After accessing the logs (thanks for pointing me to the right direction for this btw, I was having trouble with Ctrl+FX in Gnome Boxes but managed to access through the virtual keyboard), I’m guessing you mean:

/tmp/packaging.log: /usr/lib/kernel/install.d/51-dracut-rescue.install failed with exit status 2.

This is the only thing I found so far too, except a couple of Errors when trying to access mirrors.

Context: This ^ is on the F40 Beta 1.10 iso


Btw (I’ll also edit the original post to add the info), I’ve managed to successfully complete an F39 install with inst.sdboot and no kickstart.

On a test on Rawhide I had the same failures however.

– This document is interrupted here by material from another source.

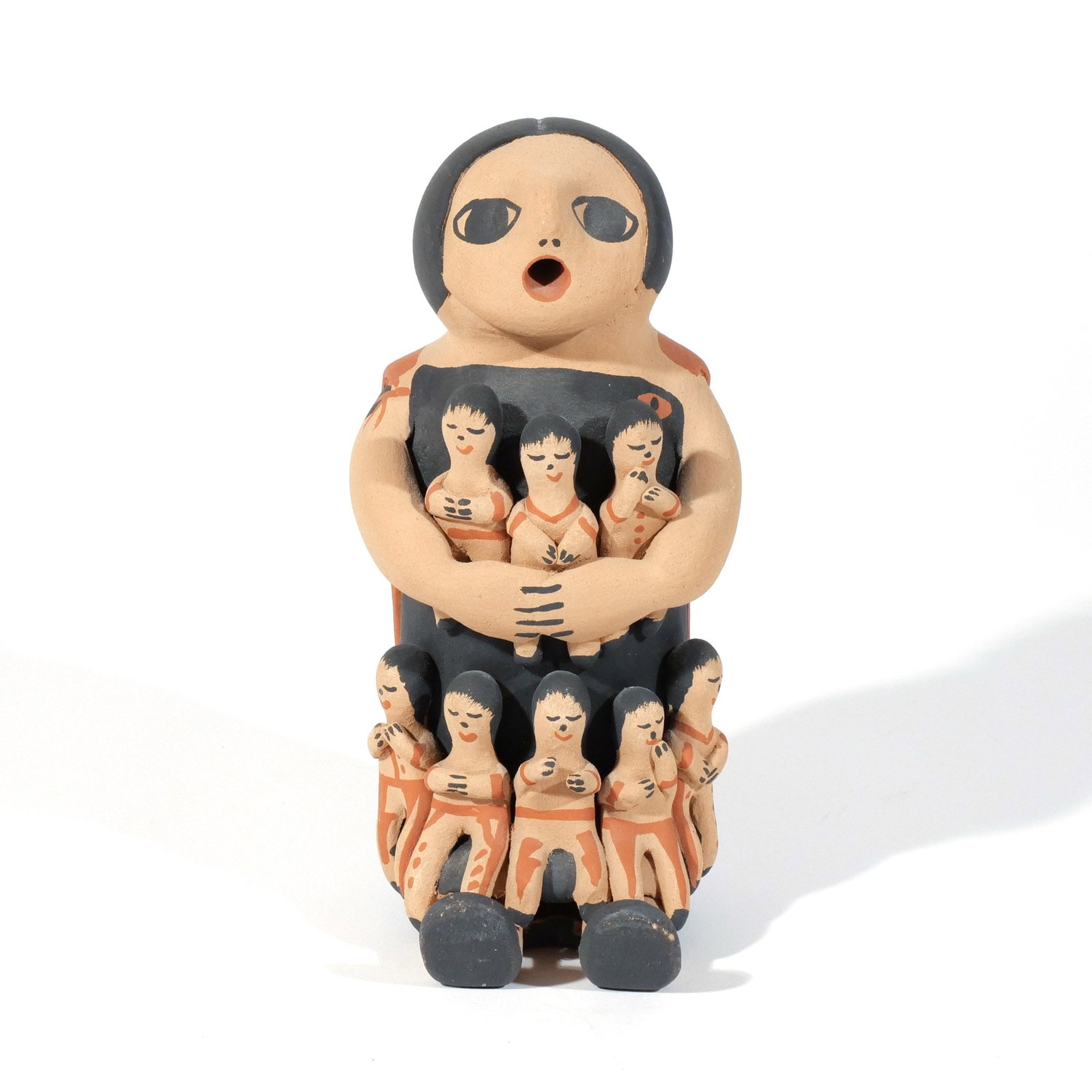 JEMEZ PUEBLO '8 CHILDREN' STORYTELLER FIGURE: Mid 20th century, ceramic, signed, possibly 'R. F/Toya' h. 8 in. Provenance: Private collection, Mount Kisco, NY [In Situ Item] This item will not be on display in our saleroom during our preview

Although humorously, the one way it does continue to work is when the /boot partition isn’t created, only a /boot/efi ESP. The one way that people keep telling me isn’t ideal, despite it making the most sense.

Right, so the latest version of systemd is insisting that a /boot mount point is a XBOOTLDR partion despite it not being accessible from the firmware. So this can be worked around by simply deleting the /boot partition for the time being. Which isn’t a bad plan in general for systemd-boot systems as its just redundant if the ESP is large enough.

https://bugzilla.redhat.com/show_bug.cgi?id=2271674

Its probably fixable by updating sdubby, or maybe anaconda to drop a config file hard coding the BOOT_ROOT.

I pushed a sdubby change to add an install.conf file to force kernel-install to do the right thing. It should work its way through to rawhide in the near future, along with F40.

1 Like

Thank you Jeremy, I really appreciate you jumping on this so fast, providing all the useful insight and pushing a fix.

I’ll make sure to test again a nightly Everything after sdubby-1.0-8.fc40 lands, and use your suggested deletion of /boot in the meantime for my VMs.

It is actually anaconda (or more precisely blivet) that insist that /boot should be a XBOOTLDR partion.

Just a quick update on this on my end:

I tested a new VM install with a Rawhide nightly the other day and the installation succeeded with sdubby-1.0-8.fc41. So I’m glad that there were no further device-specific issues and the issue seems to indeed be resolved with the changes to sdubby.

I’m only waiting for the package to land on F40 stable state repo before marking this as resolved, since (my understanding is) new Everything installs initially pull from stable, so a test on F40 Everything install (nightly 20240328) still failed with sdubby-1.0-8.fc40 in updates-testing.

Installation works as expected when using the latest RC1.13 iso.
This can be marked as resolved (I don’t see an option to do so myself anymore, not sure why).


P.S:

Keep in mind some of the mirrors might be out-of-date, which led a couple of install attempts to fail over the past few days since sdubby was stuck on 1.0-7 even though 1.0-8 was pushed on Fedora 40 stable according to packages.fedoraproject.

For my last few attempts I’ve been appending &protocol=https&country=IE,DE,NL to the mirror metalink which resulted in a mirrorlist that enabled the installation to succeed.